[Opening Data to use section]
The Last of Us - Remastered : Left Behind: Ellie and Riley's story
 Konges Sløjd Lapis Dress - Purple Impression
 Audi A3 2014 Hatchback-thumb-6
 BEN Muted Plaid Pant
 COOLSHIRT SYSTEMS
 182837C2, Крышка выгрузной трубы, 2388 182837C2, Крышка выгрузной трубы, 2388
[Closing Data to use section]
### What is required
Your task is to output all of the data above word for word.

### Problem solution
The Last of Us - Remastered : Left Behind: Ellie and Riley's story
 Konges Sløjd Lapis Dress - Purple Impression
 Audi A3 2014 Hatchback-thumb-6
 BEN Muted Plaid Pant
 COOLSHIRT SYSTEMS
 182837C2, Крышка выгрузной трубы, 2388 182837C2, Крышка выгрузной трубы, 2388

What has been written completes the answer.